<h1>Part 2 - Data Management</h1>

<font size="3">
The goal of this section is to learn more about data management tools, in particular Great Expectation. This package allows you to perform data quality assessment & alerting on your data projects.

We will continue using the TLC trip record data, deep dive specifically into these datasets to catch data quality issues & encode our own set of rules & triggers.
</font>

## 1 - Getting familiar with the data

### 1-1. Downloading our data

To start with, let's download our data: we will use a larger dataset containing several details about January 2022 "for hire vehicles" trips in NYC (Uber, Lyft...). This dataset has been lightly modified for the purpose of our exercise. Let's download it & save it under our data folder. 

In [None]:
import gdown

gdown.download(
    "https://drive.google.com/uc?id=1xQ8heQzUkKehOUPYvrHIqQ_pDJNCH9tT",
    "../data/taxi-trips-2022-01.parquet",
    quiet=False,
)
gdown.download(
    "https://drive.google.com/uc?id=11kOFkDJIXSW2Hu0o2o-PWBhTJi0msYfH",
    "../data/taxi-trips-2022-02.parquet",
    quiet=False,
)

### 1-2. Loading our data

Our data is composed of several columns, the most interesting ones being:
- `hvfhs_license_num`: this is the Taxi & License Commission license number of the company operating the trip. Possible values are HV0002 (Juno), HV0003 (Uber), HV0004 (Via), HV0005 (Lyft).
- `request_datetime`, `on_scene_datetime`, `pickup_datetime`, `dropoff_datetime`: logs datetime for ride request, when driver arrived, picked-up & dropped off passenger(s).
- `PULocationID`, `DOLocationID`: where the trip began & ended. Those are `int` values.
- `trip_miles`, `trip_time`: miles for passenger trip & total time in seconds of trip
- `base_passenger_fare`: base fare excluding toll (`tolls`), tips (`tips`), taxes (`sales_tax`) and fees (`airport_fee`, `congestion_surcharge`, `bcf`). 
- `driver_pay`: total driver pay (exclusing tools, tips, commission, taxes...)
- `shared_match_flag`: did the passenger share the vehicle with another passenger who booked separately? (Y/N)

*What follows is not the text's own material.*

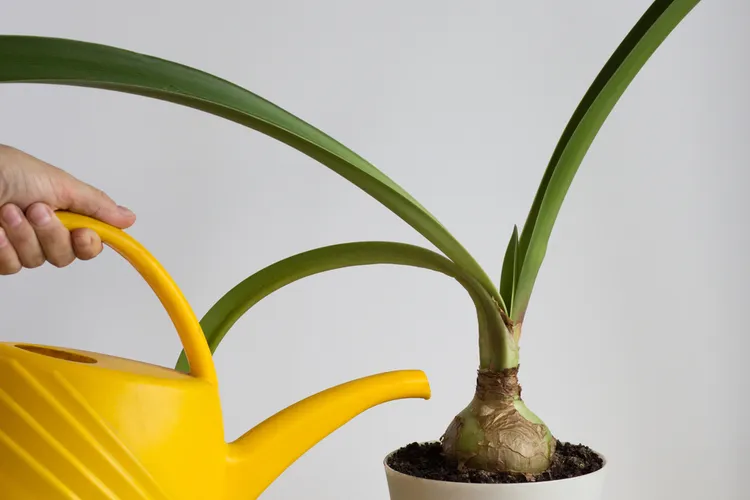 comment réussir arrosage de l'amaryllis en pot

Let's load it and print the first rows.

In [None]:
import pandas as pd

data = pd.read_parquet("../data/taxi-trips-2022-01.parquet")
data.head()

### 1-3. Exploring our data

Let's assume our goal will be to create an application able to predict the fare of a trip, from the pick-up & dropoff locations. We will eventually be using the following columns:
- `base_passenger_fare`: our target variable
- `hvfhs_license_num`: fare might depend on operating company
- `request_datetime`, `on_scene_datetime`, `pickup_datetime`, `dropoff_datetime`: fare might depend on congestion & time of pickup
- `PULocationID`, `DOLocationID`: fare will depend on pick up and drop off location
- `trip_miles`, `trip_time`: these fields might be useful to normalize training data

Let's first explore quality of these key fields. What can you see? Is data quality sufficient?

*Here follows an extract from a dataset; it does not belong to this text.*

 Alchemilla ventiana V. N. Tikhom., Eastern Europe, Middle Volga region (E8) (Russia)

**Conclusion:** several data quality issues might have a detrimental impact on our model. Which one?
- ?

We could simple discard these errors, but if we were to continuously train a fare forecasting algorithms, it might be biased or simply break under these data quality issue as soon as a new batch of training data arrives. Let's then put in place some control layers !

## 2 - Installing Great Expectations

Great expectation allows us to:
- define data quality rules in a language agnostic format (as config files)
- run these data quality checks & rules on various types of data sources
- trigger actions & alerting whenever a rule breaks
- generate data quality reports easily from our set of rules

Your environment should already contain great expectation as a python library. Otherwise you can simply follow the following commands to install it: https://docs.greatexpectations.io/docs/guides/setup/installation/local

## 3 - Getting to know Great Expectations

### 3-1. Connecting to our data

As we will see, Great expectations, works with a lot of configuration files (`.yml`, `.json`). This enables us to stay language & datasource agnostic, and to have our rules & checks documented as config and not hard coded.

The main entrypoint & best practice to manage 'rules' is to have a folder `great_expectations` where we will store all our config. 

Before starting implementing checks & triggers, we first need to connect to a dataset, and explain to Great Expectation how to connect to it. This can usually be best done in the following main file: `great_expectations/great_expectations.yml`. 

In [None]:
import yaml
from pprint import pprint

with open("../great_expectations/great_expectations.yml", "r") as stream:
    try:
        ge_config = yaml.safe_load(stream)
    except yaml.YAMLError as exc:
        print(exc)

pprint(ge_config["datasources"])

We have already made part of our task: and told great expectation where to find our dataset, and how to read it (using Pandas & the parquet read function).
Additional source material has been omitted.